Pedaling to and from work and errands is now becoming a year-round capability, thanks to a growing fleet of winterized e-bikes in town. Tyler Lindsay looks like he’s dressed to go snowboarding when he leaves his home just up valley from Woody Creek, heading to his job at Aspen Skiing Co. headquarters at the Airport Business Center. The commute, mainly using the Rio Grande Trail that passes through his neighborhood, takes him 12 to 15 minutes, he says—just a few minutes longer than it takes to drive. “There’s no reason to go more than 20 miles per hour,” he says, referencing Pitkin County’s speed limit on the trail, which is a major bike thoroughfare in the summer that only recently opened to e-bikes.

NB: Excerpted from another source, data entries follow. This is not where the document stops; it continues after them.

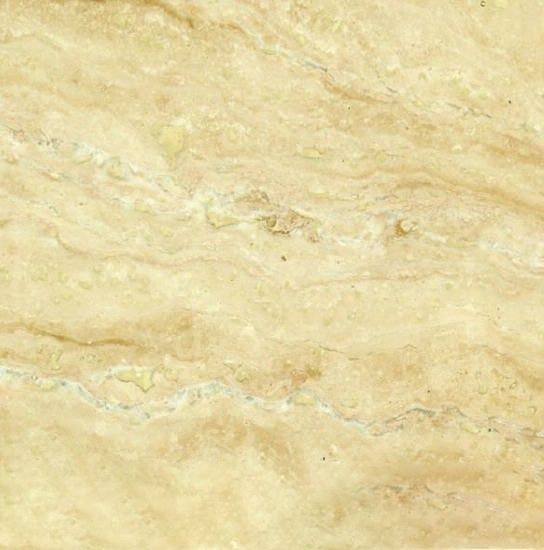 White Wave Travertine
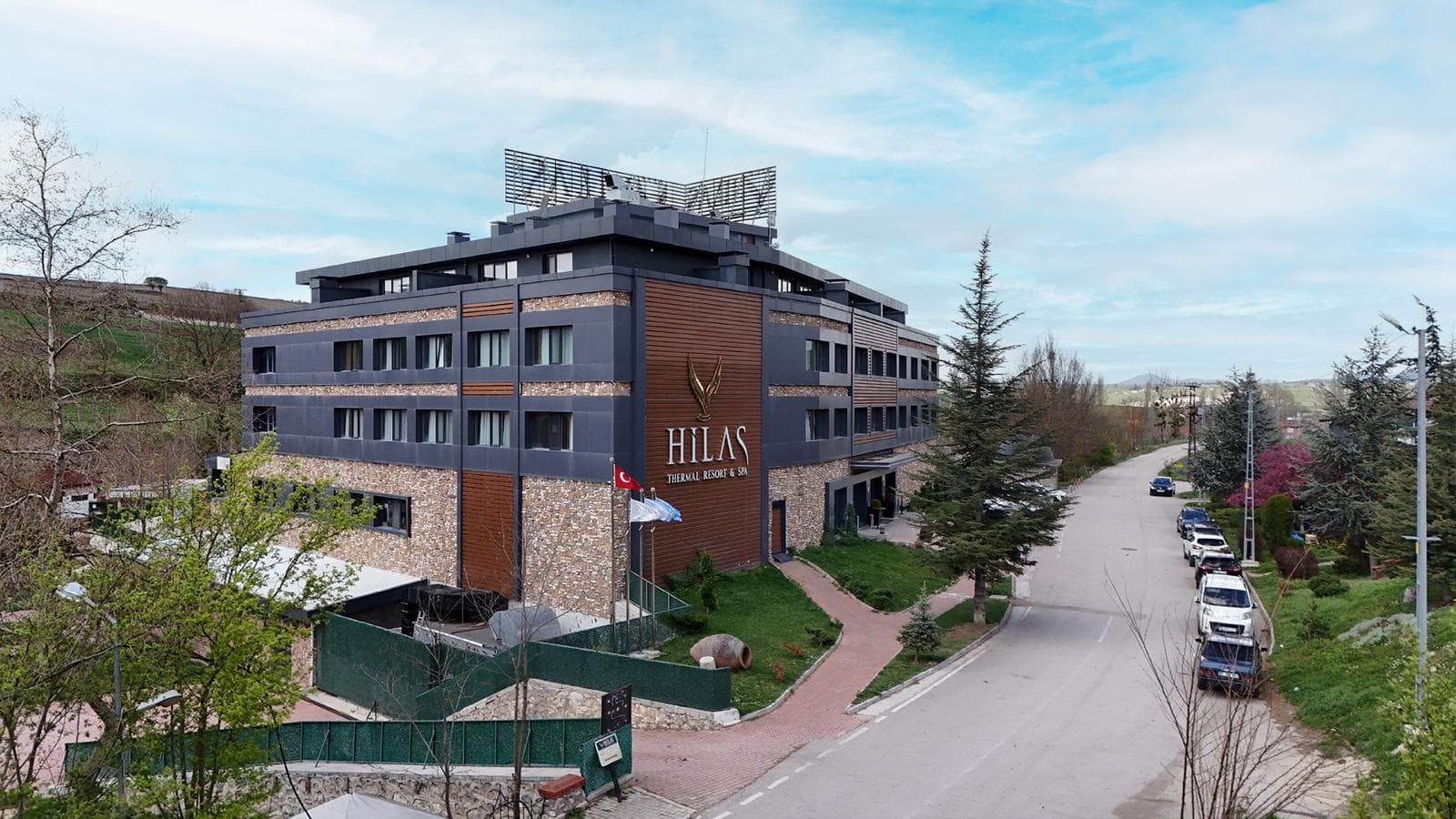 Hilas Thermal Resort & Spa-resim-0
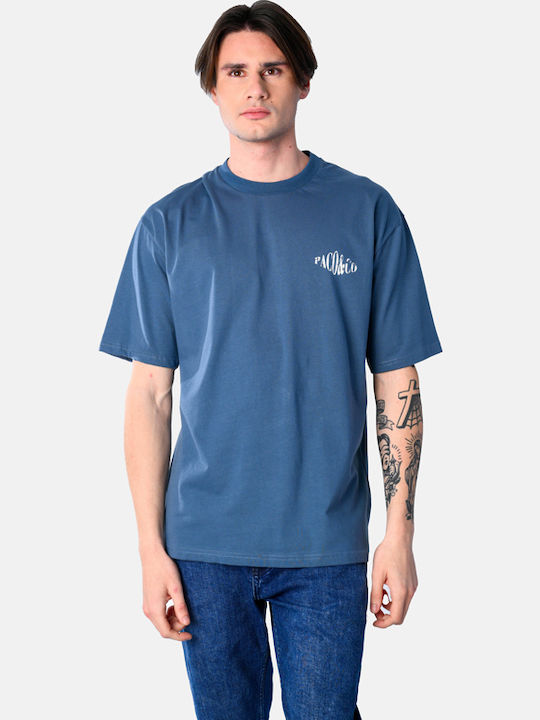 Paco & Co Тениска Raf Blue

In the winter, it’s “really beautiful, very quiet and a wonderful opportunity to center myself before a busy day at work,” says Lindsay, who works in event marketing.
Tim Emling, owner of the Hub of Aspen bike shop, says he has seen interest in winterized e-bikes grow in each of the four years he’s been in business. “We are seeing people really excited for an e-bike they can use in the winter,” he says. “This being Aspen, most are heavy invested in fitness, environmentally conscious and want a solution that doesn’t involve a car.”
Though many in-town residents get around on a standard bike with fat or studded tires—or fat, studded tires, if you really want to be prepared—e-bikes seem to be unlocking the trails for those living a few miles farther out of town, giving an advantage over the snow and cold that might otherwise make the ride untenable.
Earlier in the fall, Emling says his shop had already converted three to four standard fat bikes to e-bikes, and they are installing ski-holder tubes on even more. Lindsay says the fat-tired bike he retrofitted with a center-mounted electric drive kit is effective in as much as six inches of snow. He loves the efficiency, using 50 pounds of steel, plastic and rubber to get around versus 5,000 pounds. It helps keep him in shape and avoid “winter-fitness decline.”
On the occasions he does drive, it can feel like a culture shock. “Every time I get in the car and turn onto Highway 82, it’s scary,” he says. Merging into a lane, his inclination is to wonder why anyone needs to go so fast. “It puts you in fight-or-flight mode—that’s why road rage is a thing,” says Lindsay.
Thankfully, there is very little of that along the Rio Grande Trail.